Alors que la table ronde sur les carburants semblait satisfaire la délégation des professionnels de la route ce lundi 6 février 2012 à 19 heures, une heure plus tard, ils se sont confrontés à un mécontentement général de leurs troupes qui réclamaient également la baisse de 25 centimes sur le prix des carburants à la pompe pour tous. Il est vrai que les automobilistes réunionnais peuvent se sentir lésés puisqu'ils n'ont rien obtenu. "Contrairement aux transporteurs, nous n'avons rien gagné, tout simplement parce que les citoyens ne sont pas mobilisés", commente Patrick Savatier, président de l'association Momon Papa lé la.
A la sortie de la table ronde sur les prix des carburants et de la bouteille de gaz ce lundi 6 février 2012, Jean-Bernard Caroupaye, président de la FNTR (fédération nationale des transports routiers) semblait plutôt satisfait. Il assurait que les actions de blocage seraient en stand-by jusqu'à la prochaine table ronde du mardi 14 février 2012, où les protocoles d'accord sur le gazole professionnel et la bouteille de gaz à 15 euros doivent être signés, mais aussi où des pistes doivent être explorées pour la baisse de 25 centimes sur le prix des carburants à la pompe.

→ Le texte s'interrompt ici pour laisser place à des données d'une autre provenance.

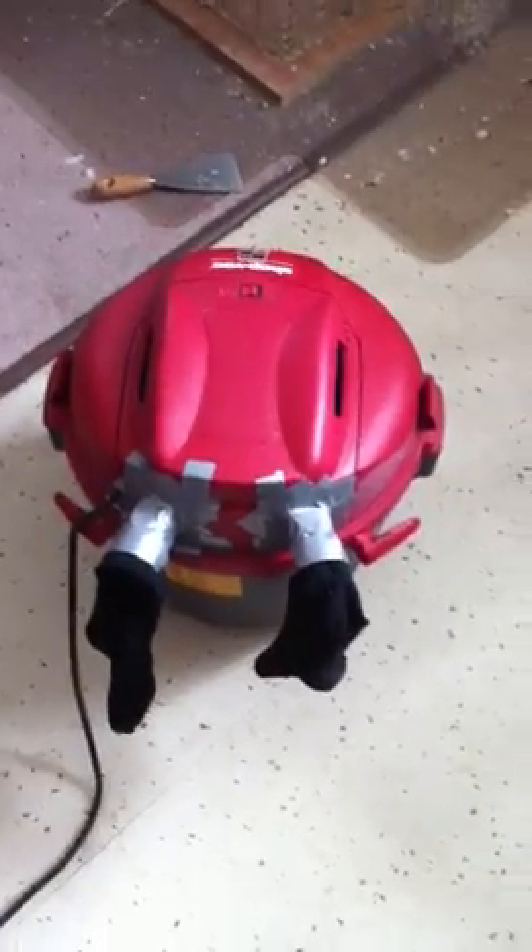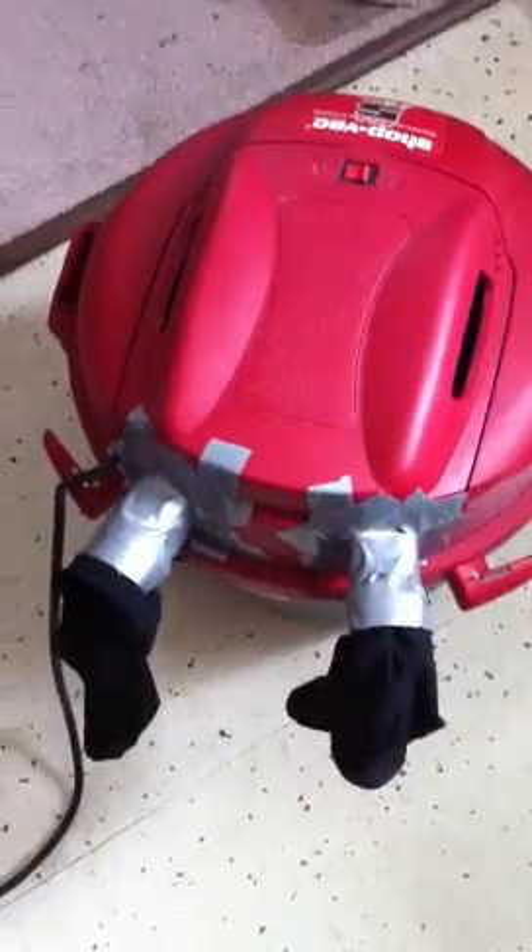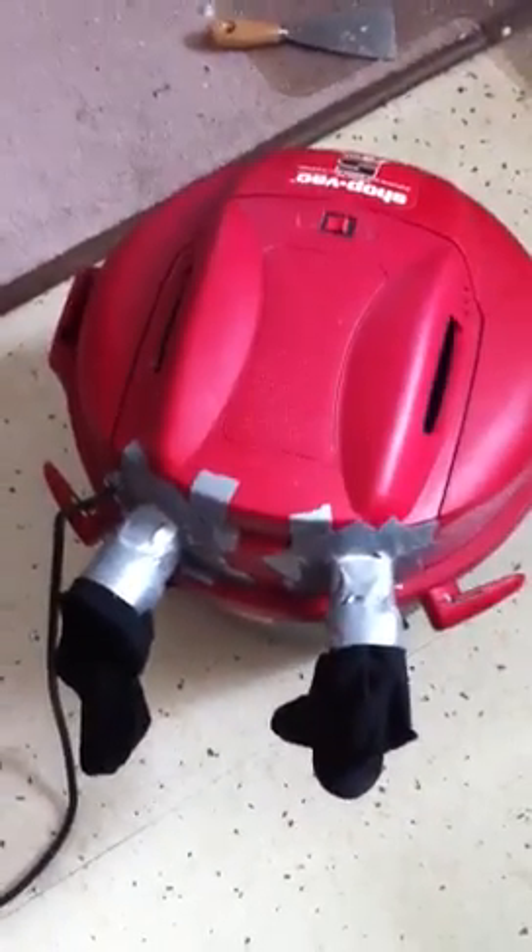When I bought this first vacuum here for my old apartment, I noticed a lot of problems with it blowing dust out these back vent ports on the back here. That really made me mad because every time you go to sweep the floor, this stuff would just spread it around.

Cependant, en allant annoncer la bonne nouvelle aux manifestants qui l'attendaient à la Mare, la délégation des professionnels a fait face à un revirement de situation. "On a été confronté à un mécontentement général de la part de la base contre la SRPP, sur la question de la baisse de 25 centimes sur les prix des carburants à la pompe", signale Hugues Atchy, président de l'IPR (intersyndicale des professionnels de la route).

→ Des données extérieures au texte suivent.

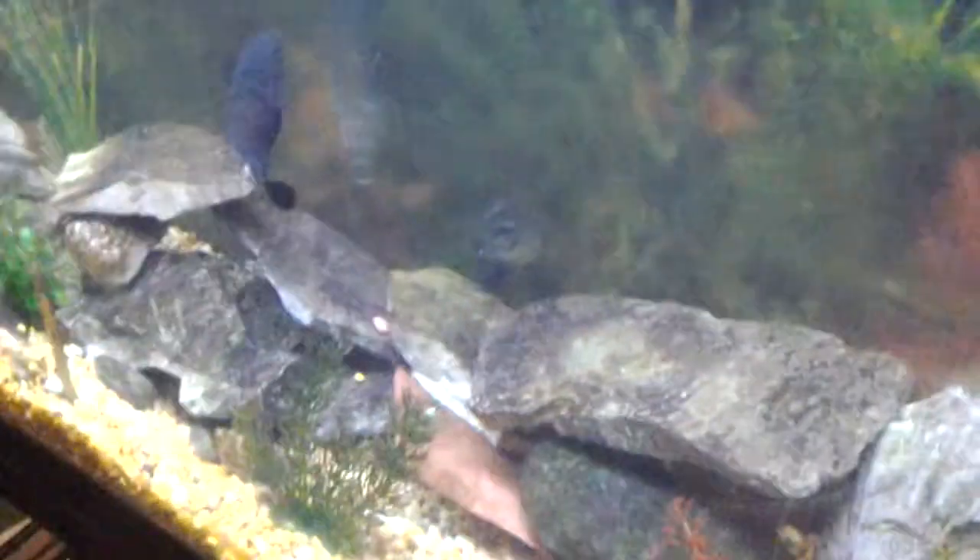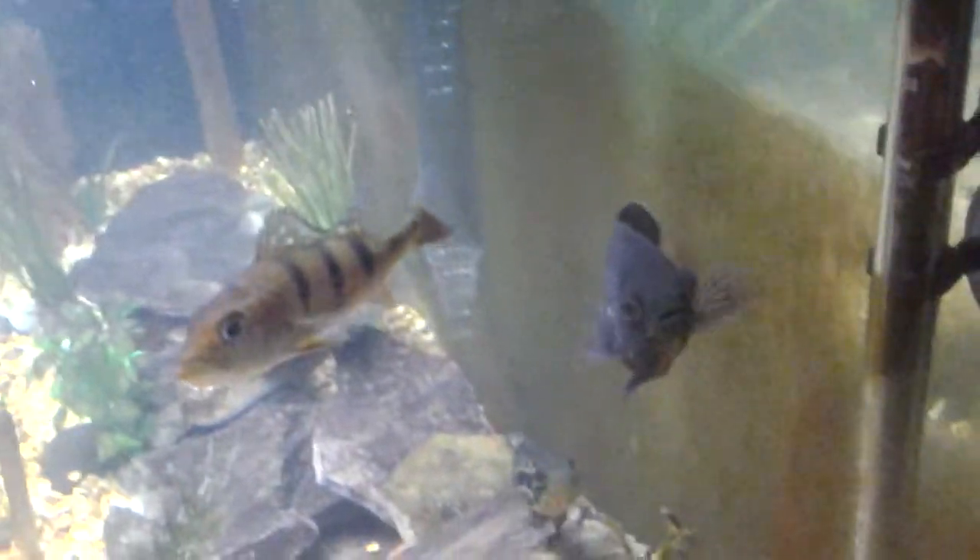What is up everyone, I'm Daniel from Michigan Aquatics and today I'm doing another unboxing for the 55 gallon cichlid tank. I bought two cichlids - they're known as starter cichlids. I'm going to see how the Oscar, the Peacock, and the Jaguar react to them. It's almost nine o'clock so let's get started on this unboxing quickly so I can get these things in the tank.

"De notre côté, on a essayé de les calmer, de leur expliquer que les discussions sont en cours, et que les problèmes ne vont pas se régler en une après-midi, il nous faut un peu de temps", indique-t-il. "On comprend quand même leur colère. On s'est engagé dans un combat pour les professionnels, mais aussi pour la population réunionnaise, parce qu'ils sont nombreux à utiliser la voiture comme moyen de déplacement pour le travail tous les jours", concède Hugues Atchy.

Des blocages de la circulation ne sont pas à exclure ce jeudi 9 février 2012, en préambule de la réunion qui se tiendra à la Région, concernant le fonds de compensation pour le gazole professionnel.

De son côté, Patrick Savatier, président de l'association Momon Papa lé la, qui a assisté à la table ronde, constate, l'air désabusé : "Les particuliers n'ont rien gagné. La bouteille de gaz à 15 euros, c'est un élément qui était déjà prévu par la Région, ça a juste été validé. Sur le carburant, les professionnels de la route ont obtenu satisfaction parce qu'ils étaient mobilisés et parce qu'ils vont dans la rue pour se faire entendre. Les citoyens ne le font pas, donc au final, on n'a rien gagné". "Le problème, c'est que pour faire pression sur les pouvoirs publics, nous devons être nombreux, nous ne le sommes pas. Moi, je me sens un peu seul", avoue Patrick Savatier.

Jean-Hugues Ratenon, président de l'ARCP (alliance réunionnaise contre la pauvreté) abonde en ce sens : "Seuls, nous sommes faibles. Il n'y aura pas la baisse des 25 centimes sans la mobilisation de la population", annonce-t-il. "La population doit s'organiser partout dans l'île, parce qu'il n'y a que comme ça qu'on pourra faire bouger les choses", lâche Jean-Hugues Ratenon.

   

1 Commentaire(s)

Pilleurs et assoifés de pouvoirs et de fric, Posté
- " Le problème, c'est que pour faire pression sur les pouvoirs publics, nous devons être nombreux, nous ne le sommes pas. Moi, je me sens un peu seul", avoue Patrick Savatier. "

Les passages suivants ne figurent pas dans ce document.